> Exercise input:
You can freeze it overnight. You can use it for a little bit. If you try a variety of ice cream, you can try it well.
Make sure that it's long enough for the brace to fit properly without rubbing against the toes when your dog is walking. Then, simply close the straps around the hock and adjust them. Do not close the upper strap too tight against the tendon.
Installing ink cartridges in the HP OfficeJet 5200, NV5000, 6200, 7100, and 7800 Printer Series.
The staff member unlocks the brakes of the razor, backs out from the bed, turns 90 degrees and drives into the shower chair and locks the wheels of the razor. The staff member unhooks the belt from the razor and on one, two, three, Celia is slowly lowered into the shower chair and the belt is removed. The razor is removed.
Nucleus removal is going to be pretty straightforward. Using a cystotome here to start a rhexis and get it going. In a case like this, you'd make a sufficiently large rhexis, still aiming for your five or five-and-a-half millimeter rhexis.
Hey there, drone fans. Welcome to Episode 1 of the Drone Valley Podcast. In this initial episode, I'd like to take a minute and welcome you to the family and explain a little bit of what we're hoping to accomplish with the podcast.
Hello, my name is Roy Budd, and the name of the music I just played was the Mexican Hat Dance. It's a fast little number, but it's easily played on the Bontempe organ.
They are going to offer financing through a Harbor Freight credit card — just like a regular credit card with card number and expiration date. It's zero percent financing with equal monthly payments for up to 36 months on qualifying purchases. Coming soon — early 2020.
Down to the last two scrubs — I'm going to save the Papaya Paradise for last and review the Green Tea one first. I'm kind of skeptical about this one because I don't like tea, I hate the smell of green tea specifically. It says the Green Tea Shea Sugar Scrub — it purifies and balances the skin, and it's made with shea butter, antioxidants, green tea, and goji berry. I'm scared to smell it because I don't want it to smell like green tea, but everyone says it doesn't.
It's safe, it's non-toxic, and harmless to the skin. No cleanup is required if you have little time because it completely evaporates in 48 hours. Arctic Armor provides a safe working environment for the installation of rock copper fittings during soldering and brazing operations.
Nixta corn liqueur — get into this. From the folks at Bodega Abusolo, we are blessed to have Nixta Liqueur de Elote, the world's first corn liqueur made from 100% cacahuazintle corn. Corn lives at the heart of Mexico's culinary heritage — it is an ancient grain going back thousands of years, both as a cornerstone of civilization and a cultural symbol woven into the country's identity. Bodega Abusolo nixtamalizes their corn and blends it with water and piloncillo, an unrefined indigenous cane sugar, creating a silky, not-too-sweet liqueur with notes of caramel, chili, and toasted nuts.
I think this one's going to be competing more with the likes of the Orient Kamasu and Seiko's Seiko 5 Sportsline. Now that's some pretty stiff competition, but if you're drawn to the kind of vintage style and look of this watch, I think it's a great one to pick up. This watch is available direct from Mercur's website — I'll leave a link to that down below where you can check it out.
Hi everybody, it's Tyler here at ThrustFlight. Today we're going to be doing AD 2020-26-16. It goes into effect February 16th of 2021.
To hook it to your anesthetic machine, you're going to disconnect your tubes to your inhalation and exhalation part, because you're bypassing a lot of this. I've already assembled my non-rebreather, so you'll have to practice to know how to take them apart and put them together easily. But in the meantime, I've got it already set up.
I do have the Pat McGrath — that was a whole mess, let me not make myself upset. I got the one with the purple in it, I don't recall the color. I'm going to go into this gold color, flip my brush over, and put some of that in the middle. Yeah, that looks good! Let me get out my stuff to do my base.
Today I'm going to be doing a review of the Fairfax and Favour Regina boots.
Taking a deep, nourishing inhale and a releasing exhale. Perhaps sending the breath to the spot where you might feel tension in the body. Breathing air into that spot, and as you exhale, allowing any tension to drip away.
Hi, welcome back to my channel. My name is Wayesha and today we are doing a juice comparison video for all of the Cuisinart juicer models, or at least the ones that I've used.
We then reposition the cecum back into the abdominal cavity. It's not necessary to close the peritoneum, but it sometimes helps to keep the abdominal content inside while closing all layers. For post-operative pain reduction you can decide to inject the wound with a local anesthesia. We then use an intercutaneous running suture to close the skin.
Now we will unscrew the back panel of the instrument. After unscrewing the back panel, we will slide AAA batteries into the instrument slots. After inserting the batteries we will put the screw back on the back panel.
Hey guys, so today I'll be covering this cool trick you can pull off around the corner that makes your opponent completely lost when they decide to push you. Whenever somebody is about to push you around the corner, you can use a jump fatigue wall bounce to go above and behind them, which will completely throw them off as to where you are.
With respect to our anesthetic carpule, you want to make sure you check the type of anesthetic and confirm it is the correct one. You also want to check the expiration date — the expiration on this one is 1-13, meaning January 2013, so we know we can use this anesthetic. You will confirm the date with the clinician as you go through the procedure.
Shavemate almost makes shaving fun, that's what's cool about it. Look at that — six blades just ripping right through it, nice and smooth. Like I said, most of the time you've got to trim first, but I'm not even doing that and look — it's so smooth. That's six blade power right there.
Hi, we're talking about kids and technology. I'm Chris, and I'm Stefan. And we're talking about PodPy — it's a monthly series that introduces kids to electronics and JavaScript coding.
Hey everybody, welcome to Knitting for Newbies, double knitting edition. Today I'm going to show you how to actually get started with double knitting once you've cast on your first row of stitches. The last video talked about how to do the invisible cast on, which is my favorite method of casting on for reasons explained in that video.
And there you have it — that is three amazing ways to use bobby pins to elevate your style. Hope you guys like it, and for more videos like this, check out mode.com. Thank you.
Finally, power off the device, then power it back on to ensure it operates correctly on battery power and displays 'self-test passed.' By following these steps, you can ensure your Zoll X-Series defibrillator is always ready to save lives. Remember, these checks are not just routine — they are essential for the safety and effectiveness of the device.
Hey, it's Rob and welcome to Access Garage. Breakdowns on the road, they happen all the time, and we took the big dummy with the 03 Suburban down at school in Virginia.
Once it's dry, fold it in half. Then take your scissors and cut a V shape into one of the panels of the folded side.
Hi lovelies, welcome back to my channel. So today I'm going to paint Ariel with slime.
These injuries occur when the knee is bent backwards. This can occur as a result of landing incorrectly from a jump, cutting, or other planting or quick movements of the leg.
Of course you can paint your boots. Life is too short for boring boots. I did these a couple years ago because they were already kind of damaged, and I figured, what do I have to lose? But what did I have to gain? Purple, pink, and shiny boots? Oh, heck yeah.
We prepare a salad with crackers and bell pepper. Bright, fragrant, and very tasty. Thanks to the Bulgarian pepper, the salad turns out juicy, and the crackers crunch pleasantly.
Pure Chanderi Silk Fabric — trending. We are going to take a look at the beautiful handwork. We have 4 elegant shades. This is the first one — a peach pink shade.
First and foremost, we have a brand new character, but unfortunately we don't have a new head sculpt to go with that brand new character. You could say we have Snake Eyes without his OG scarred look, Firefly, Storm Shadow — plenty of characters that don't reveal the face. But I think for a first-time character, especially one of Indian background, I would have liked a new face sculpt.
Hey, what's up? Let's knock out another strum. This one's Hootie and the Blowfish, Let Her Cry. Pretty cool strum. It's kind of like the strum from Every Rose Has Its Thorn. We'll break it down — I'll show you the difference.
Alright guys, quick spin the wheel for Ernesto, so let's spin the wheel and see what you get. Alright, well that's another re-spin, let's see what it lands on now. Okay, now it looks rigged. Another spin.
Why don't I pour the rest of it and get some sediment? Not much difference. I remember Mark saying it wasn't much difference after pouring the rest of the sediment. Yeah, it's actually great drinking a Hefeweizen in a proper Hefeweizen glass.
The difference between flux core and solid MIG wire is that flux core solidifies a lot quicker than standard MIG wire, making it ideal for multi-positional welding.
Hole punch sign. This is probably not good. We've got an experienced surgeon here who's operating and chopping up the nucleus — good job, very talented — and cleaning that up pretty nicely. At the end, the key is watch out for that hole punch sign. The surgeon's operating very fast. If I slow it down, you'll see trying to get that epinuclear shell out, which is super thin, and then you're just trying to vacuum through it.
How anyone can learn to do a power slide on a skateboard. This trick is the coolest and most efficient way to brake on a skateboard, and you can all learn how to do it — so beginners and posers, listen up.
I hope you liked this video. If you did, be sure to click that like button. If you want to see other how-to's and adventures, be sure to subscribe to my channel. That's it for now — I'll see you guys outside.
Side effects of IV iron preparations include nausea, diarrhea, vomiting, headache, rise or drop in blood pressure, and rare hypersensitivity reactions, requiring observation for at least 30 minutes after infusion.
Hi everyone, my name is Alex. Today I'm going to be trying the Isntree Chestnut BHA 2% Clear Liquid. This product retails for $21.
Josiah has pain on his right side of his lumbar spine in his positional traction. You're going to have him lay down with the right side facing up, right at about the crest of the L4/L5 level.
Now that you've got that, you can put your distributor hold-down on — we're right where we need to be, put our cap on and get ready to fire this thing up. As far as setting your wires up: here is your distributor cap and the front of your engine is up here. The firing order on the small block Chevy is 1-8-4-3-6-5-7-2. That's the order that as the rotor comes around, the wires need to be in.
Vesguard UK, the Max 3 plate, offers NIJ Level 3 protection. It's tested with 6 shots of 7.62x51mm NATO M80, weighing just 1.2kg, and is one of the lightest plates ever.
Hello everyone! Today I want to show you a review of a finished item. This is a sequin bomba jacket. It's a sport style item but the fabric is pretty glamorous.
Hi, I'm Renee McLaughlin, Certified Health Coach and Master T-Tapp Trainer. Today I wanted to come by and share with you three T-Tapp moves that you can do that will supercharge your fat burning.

> Your goal:
Go through the listing above and write out exactly the lines starting with the one holding "Hi lovelies, welcome" and running through the one holding "These injuries occur", ends included, and no others.

> Written solution:
Hi lovelies, welcome back to my channel. So today I'm going to paint Ariel with slime.
These injuries occur when the knee is bent backwards. This can occur as a result of landing incorrectly from a jump, cutting, or other planting or quick movements of the leg.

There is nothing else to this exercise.